Exercise requirements>
Strip out all images, then restate the data verbatim.

Stored items from a collection>

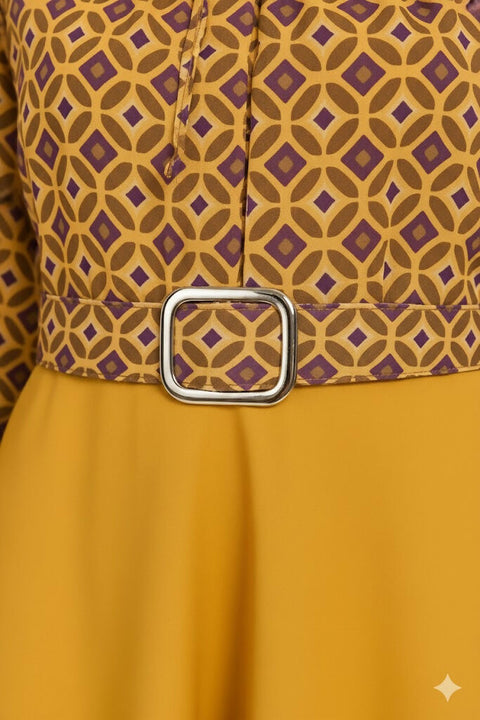 MY PEANUT Sukran Dress in Mustard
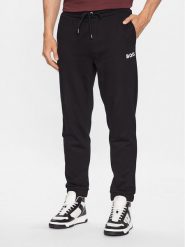 Boss Spodnie dresowe 50486640 Czarny Oversize. Czarne spodnie dresowe męskie Boss, bez wzorów, z bawełny. Za 469.99 zł.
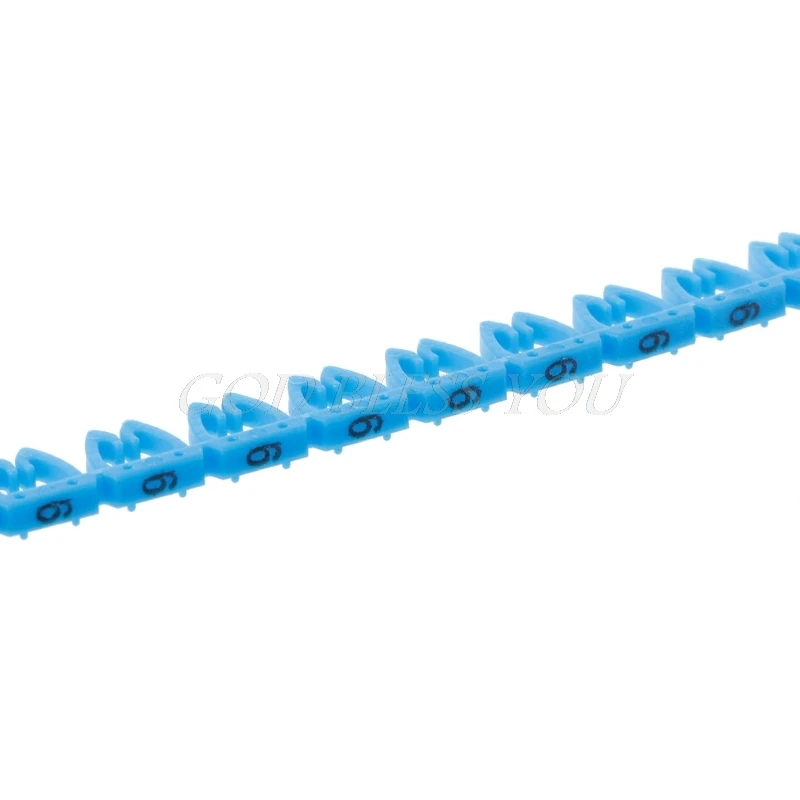 100 шт./компл. цифровая метка кабеля ярлык яркий цифровой для RJ45 RJ11 RJ12 сетевой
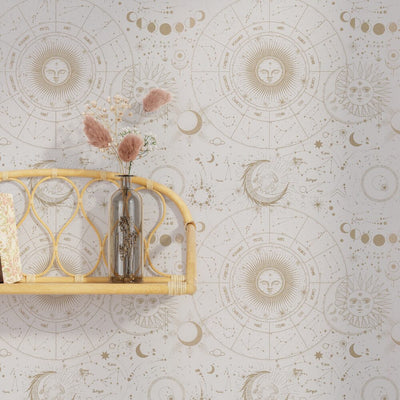 4MURS Papier peint intissé Zodiac Blanc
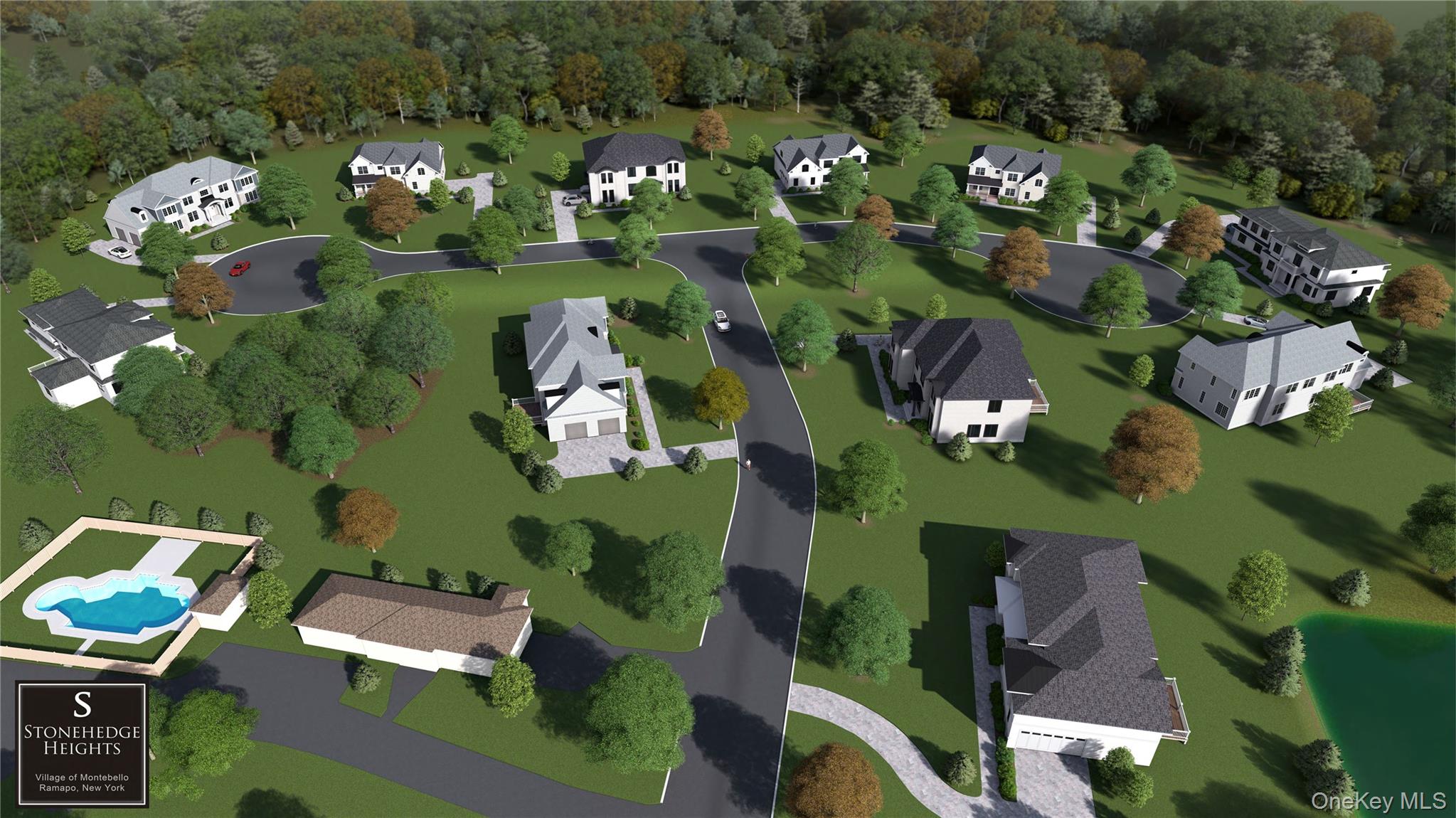 Lot 6 Stonehedge Road Suffern, NY 10901 - Photo 3 of 6 an aerial view of a house with a garden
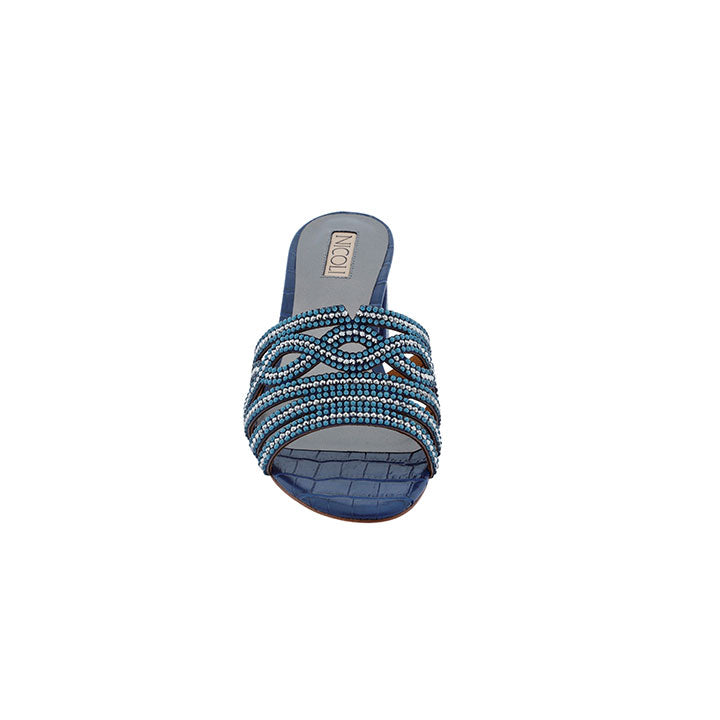 Eivet Box Heel #color_navy blue
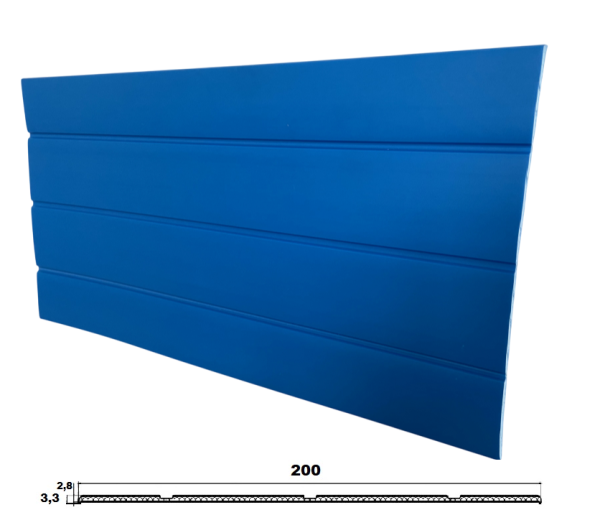 Бескаркасный мягкий (гибкий) отбойник для стен из ПВХ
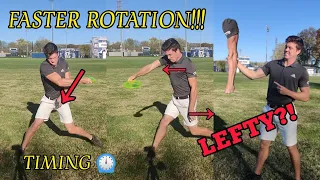 What To Do With Your Left Arm (For More Power) - Ezra Aderhold - Disc Golf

Response>
 MY PEANUT Sukran Dress in Mustard
 Boss Spodnie dresowe 50486640 Czarny Oversize. Czarne spodnie dresowe męskie Boss, bez wzorów, z bawełny. Za 469.99 zł.
 100 шт./компл. цифровая метка кабеля ярлык яркий цифровой для RJ45 RJ11 RJ12 сетевой
 4MURS Papier peint intissé Zodiac Blanc
 Lot 6 Stonehedge Road Suffern, NY 10901 - Photo 3 of 6 an aerial view of a house with a garden
 Eivet Box Heel #color_navy blue
 Бескаркасный мягкий (гибкий) отбойник для стен из ПВХ
 What To Do With Your Left Arm (For More Power) - Ezra Aderhold - Disc Golf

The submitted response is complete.